“Long ago in a distant land, I, Aku, the shape shifting master of darkness, unleashed an unspeakable evil. But a foolish samurai warrior wielding a magic sword stepped forth to oppose me. Before the final blow was struck, I tore open a portal in time, and flung him into the future where my evil is law. Now the fool seeks to return to the past and undo the future that is Aku. “
Cosa spinge un 24enne, in un temperato fine settimana di inizio autunno, a parlare di un cartone animato chiuso – in modo tombale – come Samurai Jack? Nessuna ricorrenza (per quanto ne possa sapere) né qualsivoglia pretesto razionale [esclusion fatta per la recente messa in onda di Primal, ma me ne ero dimenticato, NdR]. Semplicemente, è in uscita una nuova edizione dell’Immortale da parte di Planet manga (ne parleremo) ed un suo adattamento per Prime Video e mi sono ricordato un qualcosa di fondamentale: a me piacciono i samurai. Un velocissimo excursus sulla genesi di questo amore, e fra le diverse tamarrate americane, emerge un qualcosa di altrettanto americano ma raramente così poco tamarro: Jack, Samurai Jack.
La polarità
Chiunque, come me, abbia visto Samurai Jack nei magici anni dell’infanzia se lo ricorderà un po’ semplicisticamente – ma anche giustamente – come la definitiva lotta dell’assoluto bene contro l’assoluto male. Senza sfumature, senza strutture.
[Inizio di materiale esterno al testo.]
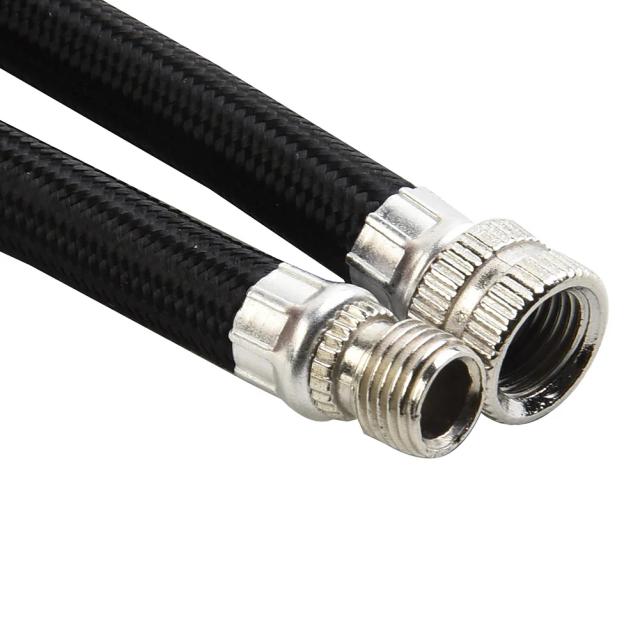 Pneu Chuck Inflator: Mangueira e Adaptador para Bomba de Ar em Bicicleta e Motocicleta
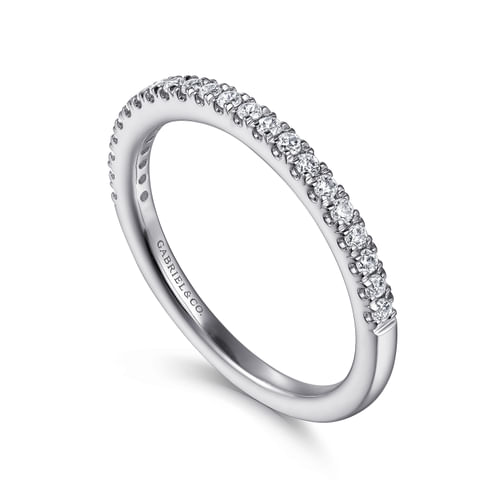 14K White Gold Diamond Matching Wedding Band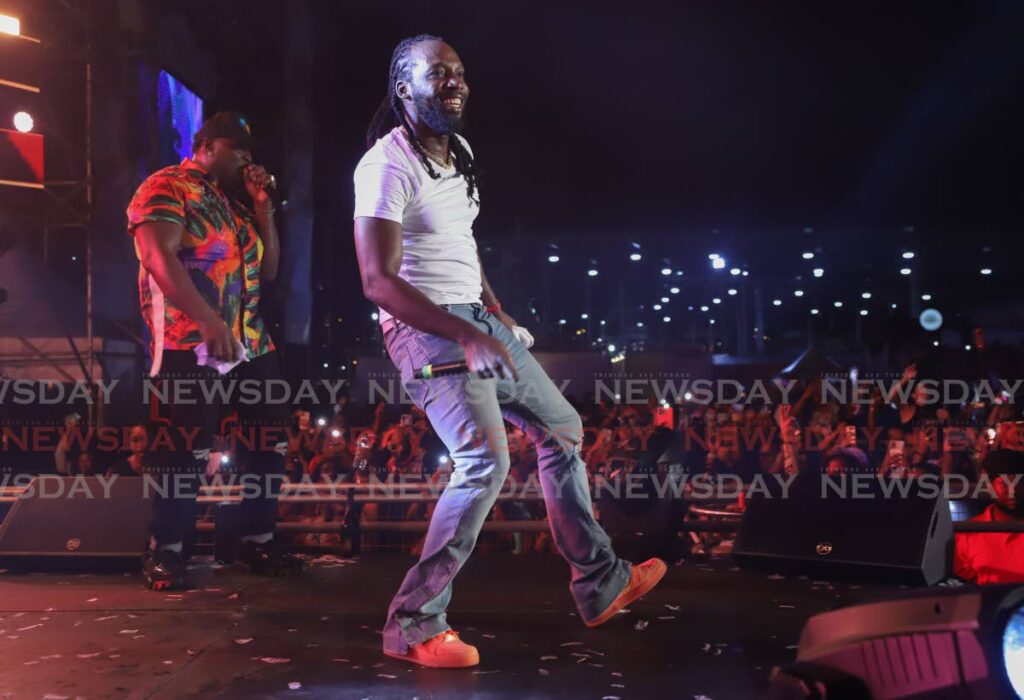 Headline act Mavado performs at Life the Concert at the Queen's Park Savannah on September 23. - JEFF K MAYERS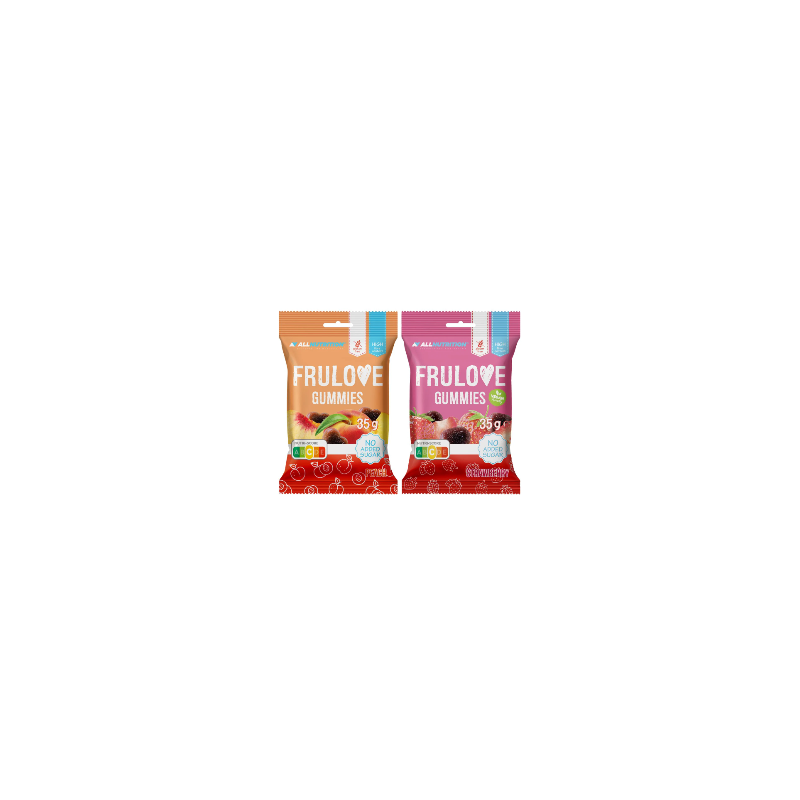 Allnutrition Frulove Gummies - Bomboane Dietetice cu Jeleu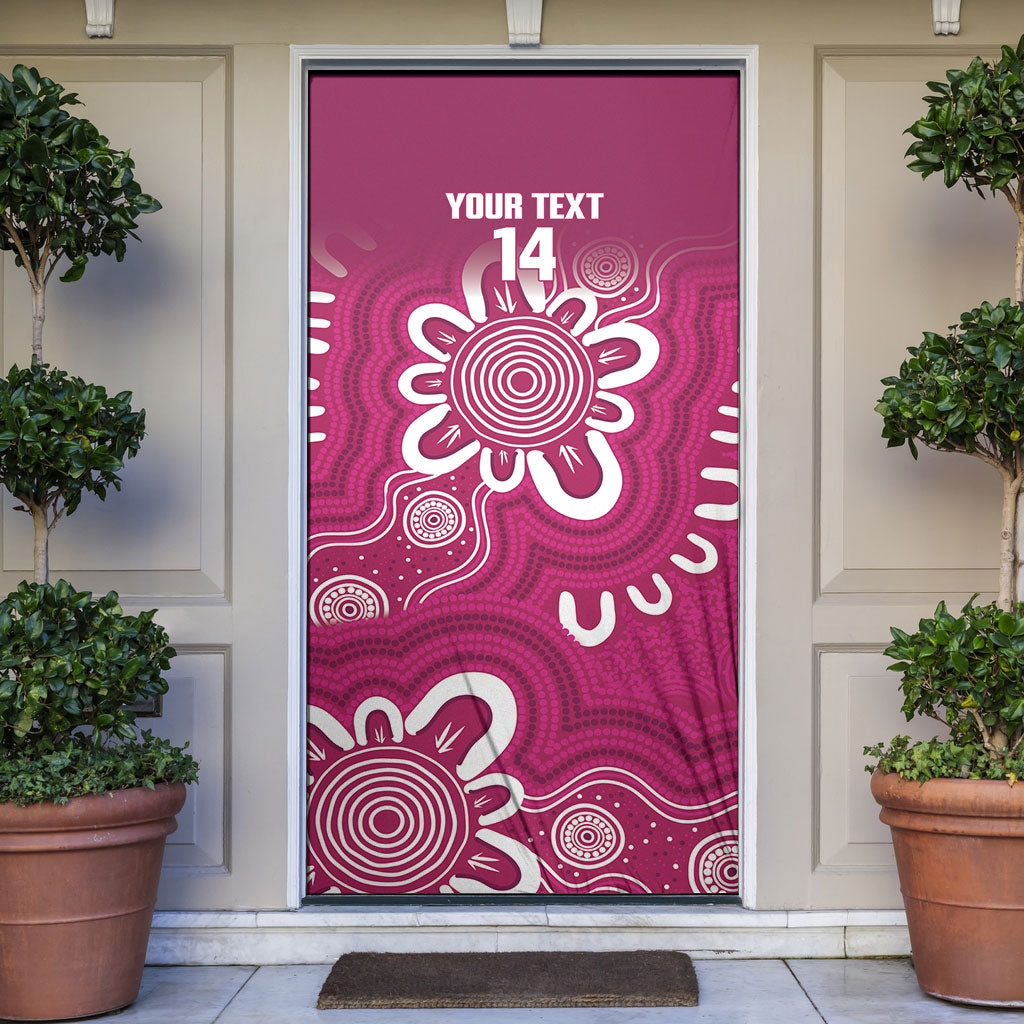 Queensland Oztag Custom Door Cover QLD Indigenous Art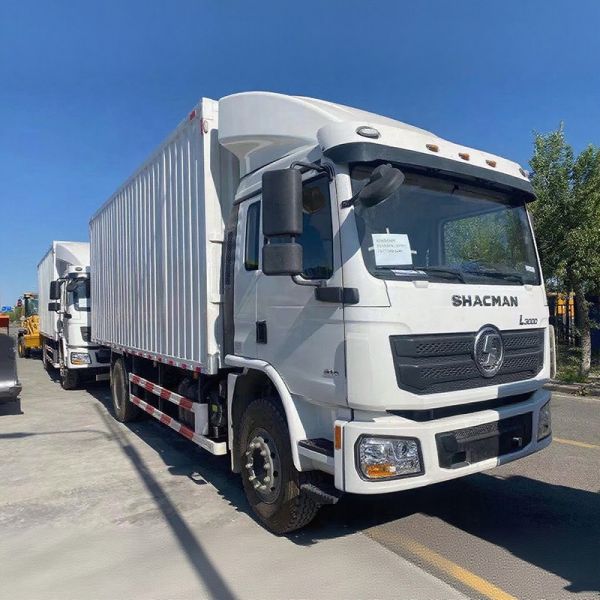 Shacman 10 Ton Box Truck Lorry Vehicles Single Bridge Automatic Box Cargo Truck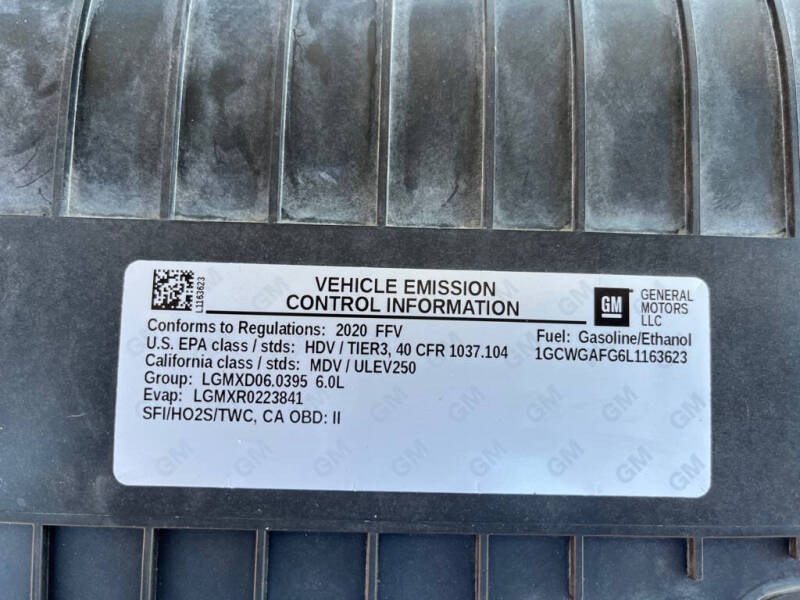 2020 Chevrolet Express 2500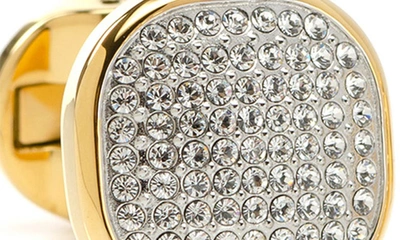 Shop Cufflinks, Inc . Pavé Crystal Cuff Links In Gold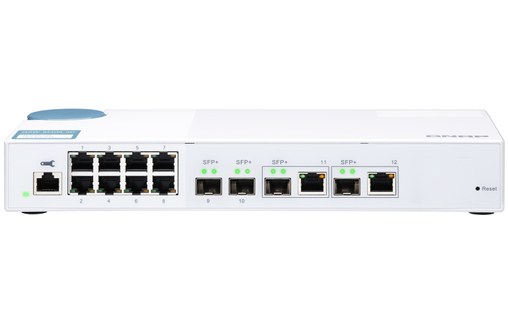 Switch Ethernet Qnap QSW-M408-2C 8 ports - 10 GbE, Manageable, L2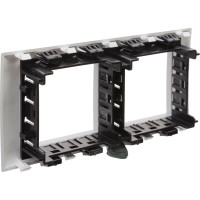 Рамка-суппорт DKC Avanti для In-liner Front, серебристый металлик, 4 модуля 4404914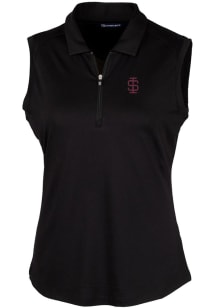 Cutter and Buck Southern Illinois Salukis Womens Black Forge Polo Shirt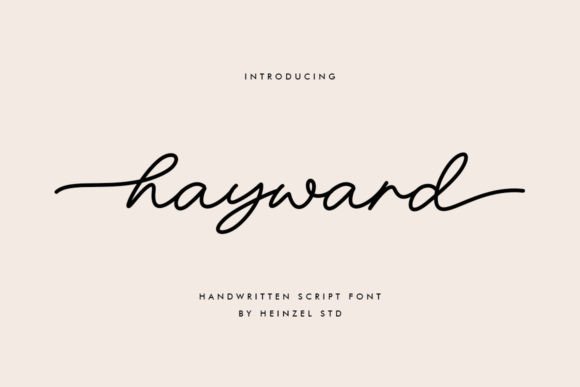 Hayward: A Handwritten Script Font for Authentic Design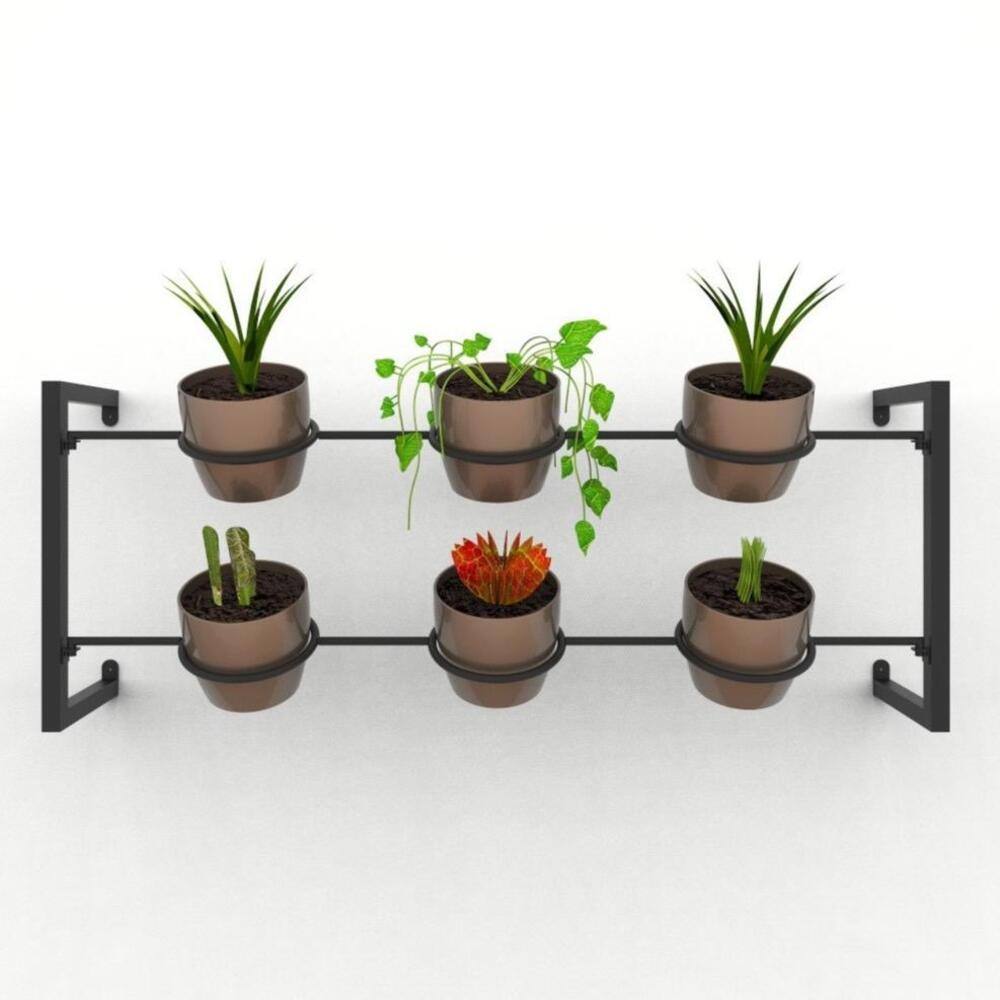 Porta Macetas Lucy Negro 120 cm - Repisas y Percheros | Bylmo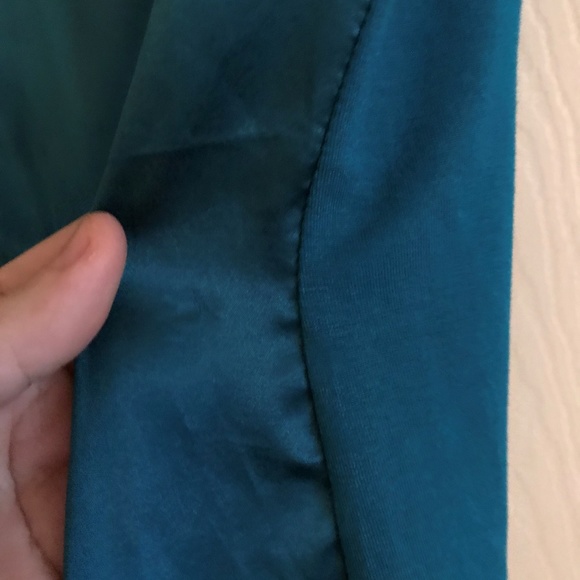 Ann Taylor Turquoise Silk Lace Cami - Picture 4 of 7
Un eroe sic et simpliciter, con tutte le virtù al posto giusto, contro il Male. Vile, oscuro, egocentrico, violento, turbolento male. La trama, d’altra parte, era semplicissima; al punto che è del tutto racchiusa nella citazione con cui ho aperto l’articolo. E dunque perché parlarne? Perché ha una quinta stagione ben più matura? Sani valori? Un reparto tecnico impressionante? Sì.
Il circolo
In ogni mio pomeriggio, ogni santo pomeriggio, Jack le tentava tutte al fine di tornare nel suo tempo e distruggere Aku. Delle volte era davvero vicinissimo, in altre si perdeva in mille affaccendamenti che ben poco lo riguardavano, ma mai mai mai è riuscito a concludere la sua missione. Il me di qualche anno fa (e dunque prima della stagione conclusiva, uscita a distanza di 16 anni dal primissimo episodio) ricordava con amarezza la ciclicità degli eventi che portavano il caro samurai a ricominciare sempre da zero. Non che mancassero, all’interno della serie, delle suggestioni e dei piccoli indizi sul futuro (possibile, e poi non confermato) del protagonista. In uno di questi conoscevamo il conturbante King Jack, in un altro – se di futuro possibile si può parlare – c’è chi ha intravisto il suo successore.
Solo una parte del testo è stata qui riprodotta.